AAAAAAAAAAAAAAAAAAAAAAAAAAAAAAAAAAAAAAAAAAAAAAAAG

+

@CCFFFFFHHHHHJJJHFDDD@77BDDDDB077007@B


Solution

  • Unless you have a strong reason to do this yourself, use Biopython.

    fasta:

    AAAAAAAAAAAAAAAAAAAAAAAAAAAAAAAAAAAAAAAAAAAAAAAAA
    AAAAAAAAAAAAAAAAAAAAAAAAAAAAAAAAAAAAAAAAAAAAAAAAC
    AAAAAAAAAAAAAAAAAAAAAAAAAAAAAAAAAAAAAAAAAAAAAAAAG
    AAAAAAAAAAAAAAAAAAAAAAAAAAAAAAAAAAAAAAAAAAAAAAAGA
    AAAAAAAAAAAAAAAAAAAAAAAAAAAAAAAAAAAAAAAAAAAAAAAGG
    

    fastq (based on yours but not identical because your output was badly formatted):

    @DH1DQQN1:269:C1UKCACXX:1:1107:20386:6577 1:N:0:TTAGGC
    AAAAAAAAAAAAAAAAAAAAAAAAAAAAAAAAAAAAAAAAAAAAAAAAC
    +
    CCCFFFFFHGHHHJIJHFDDDB173@8815BDDB###############
    @DH1DQQN1:269:C1UKCACXX:1:1114:5718:53821 1:N:0:TTAGGC
    AAAAAAAAAAAAAAAAAAAAAAAAAAAAAAAAAAAAAAAAAAAAAAAAA
    +
    CCCFFFFFHGHHHJIJHFDDDB173@8815BDDB###############
    @DH1DQQN1:269:C1UKCACXX:1:1209:10703:35361 1:N:0:TTAGGC
    AAAAAAAAAAAAAAAAAAAAAAAAAAAAAAAAAAAAAAAAAAAAAAAAA
    +
    @@@FFFFFHGHHHGIJHFDDDDDBDD69@6B-707537BDDDB75@@85
    @DH1DQQN1:269:C1UKCACXX:1:1210:18926:75163 1:N:0:TTAGGC
    AAAAAAAAAAAAAAAAAAAAAAAAAAAAAAAAAAAAAAAAAAAAAAAAG
    +
    @CCFFFFFHHHHHJJJHFDDD@77BDDDDB077007@B###########
    

    Code:

    from Bio import SeqIO
    
    with open("fasta") as fh:
        fasta = fh.read().splitlines()
    
    seen = set()
    
    for record in SeqIO.parse(open('fastq'), 'fastq'):
        seq = str(record.seq)
        if seq in fasta and seq not in seen:
            seen.add(seq)
            print record.format('fastq')
    

    EDIT: The above prints records in the order of the fastq file, not the fasta file. If order is not important, you should use that method.

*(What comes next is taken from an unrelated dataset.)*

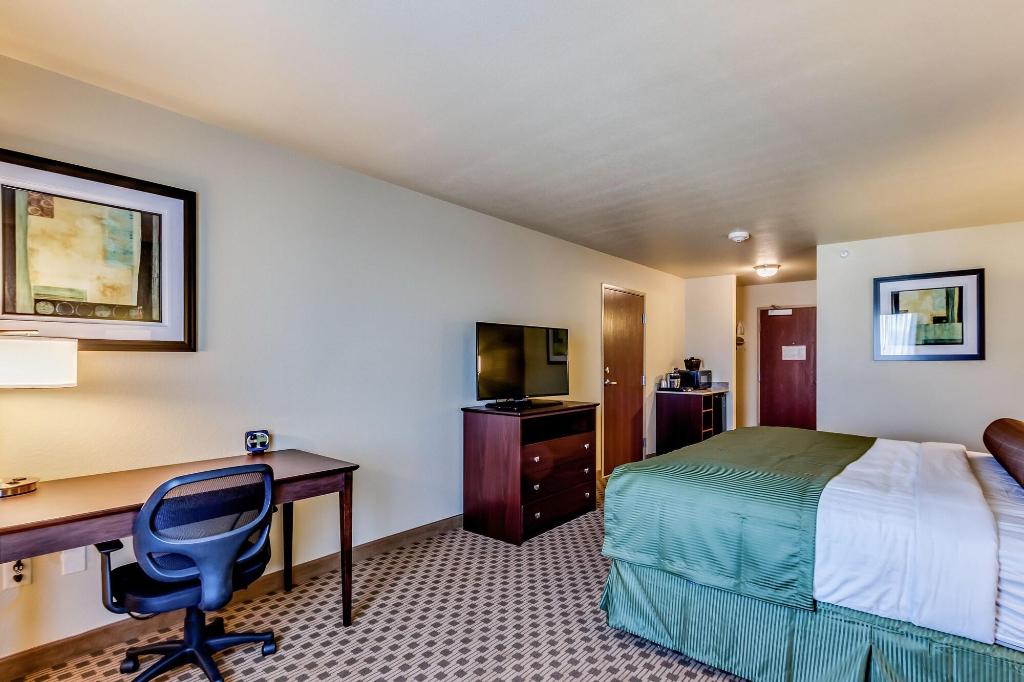 Cobblestone Inn Suites Waverly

Otherwise, you can add the records to a dictionary where the key is their index in the FASTA file, and print them all in the end, sorting the dictionary:

    from Bio import SeqIO
    import sys
    
    with open("fasta") as fh:
        fasta = fh.read().splitlines()
    
    seen = set()
    records = {}
    
    for record in SeqIO.parse(open('fastq'), 'fastq'):
        seq = str(record.seq)
        if seq in fasta and seq not in seen:
            seen.add(seq)
            records[fasta.index(seq)] = record
    
    for record in sorted(records):
        sys.stdout.write(records[record].format('fastq'))
    

    (Here I also use sys.stdout.write instead of print, to avoid the extra newlines.)